The economy should produce growth for the many, not the few, and the country should “think about tomorrow and the day after that, not just today,” she said.
Dobrev said the state must be held accountable and provide high-quality services across the board.
She said the Fidesz government had deliberately pursued a policy of allowing public health care to deteriorate in the hope this would stoke demand for private health care, and she called for reform of the financing and structure of the sector.
The DK politician also said Hungarian education had “collapsed” and spending would have to exceed the European average to catch up, and she vowed that a DK government would make free and high-quality education a constitutional right.
She said Hungary had returned to a state of poverty affecting millions, but it had a duty to help those who needed it most.
On the subject of culture policy, Dobrev promised to be hands-off, to provide support, and make it accessible to everyone.
She said people did not exist for the economy but vice-versa. Wages of workers are not just an expense but the foundations of an independent life worthy of a human being, she added.
A DK government would introduce a European minimum wage agreement and always be on the side of workers, she said.
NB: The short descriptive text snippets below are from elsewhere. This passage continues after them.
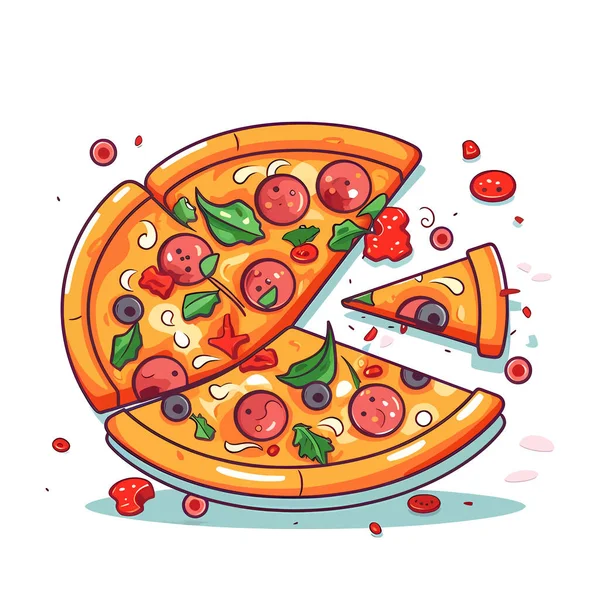 Pizza Recém Assada Imagem Uma Deliciosa Pizza Ilustração Vetorial Gerada — Vetor de Stock
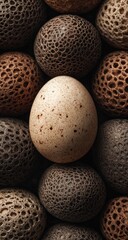 A light beige egg amidst a cluster of textured, brown eggs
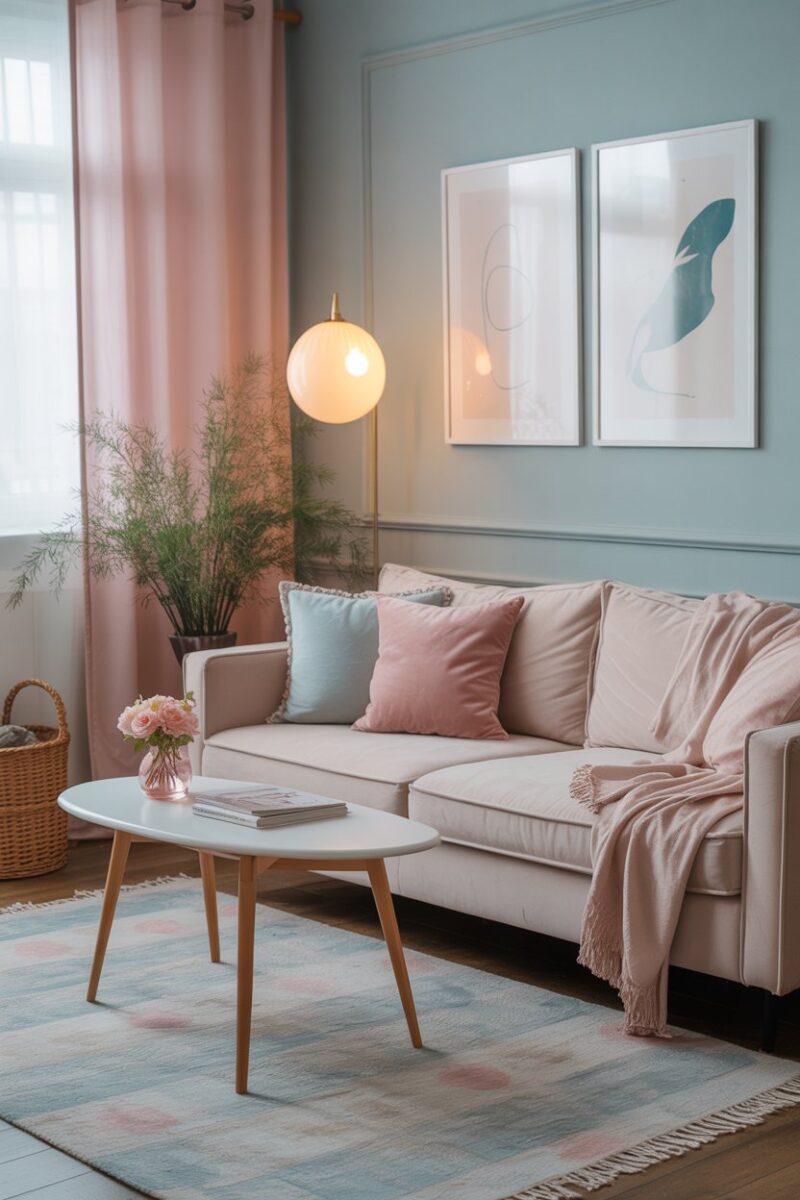 A cozy living room featuring pastel-colored decor with soft blue and pink accents.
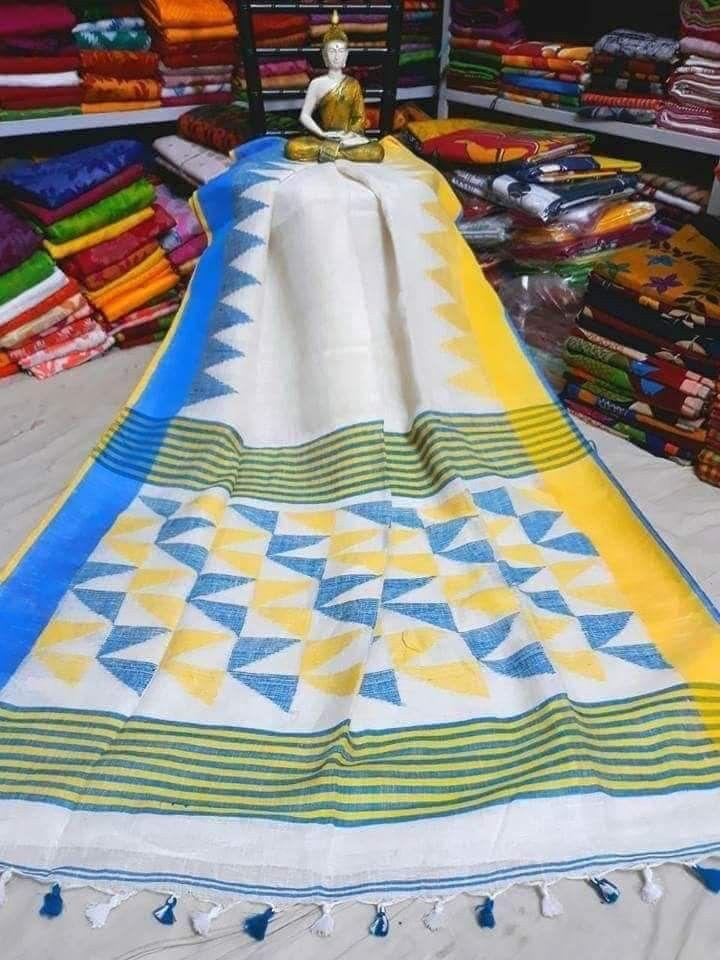 Improbable White Digital Printed Linen Zari Patta Saree with Blouse Piece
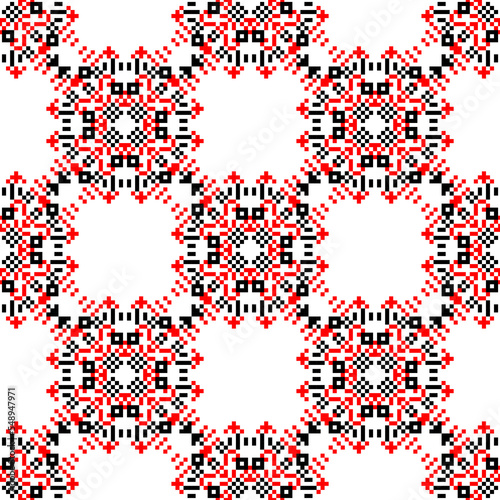 Seamless pattern traditional Ukrainian embroidery, ethnic ornament vyshyvanka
It would also make a decent pension a constitutional right, based on a mixed-index calculation for payment rises, she said
She said climate change was already a fact of life and would affect all areas of it, but the green transition must be implemented fairly.
Dobrev said Europe was moving towards a much stronger, closer alliance — a United States of Europe — and it was in Hungary’s interest not to be an outsider but to be part of its core.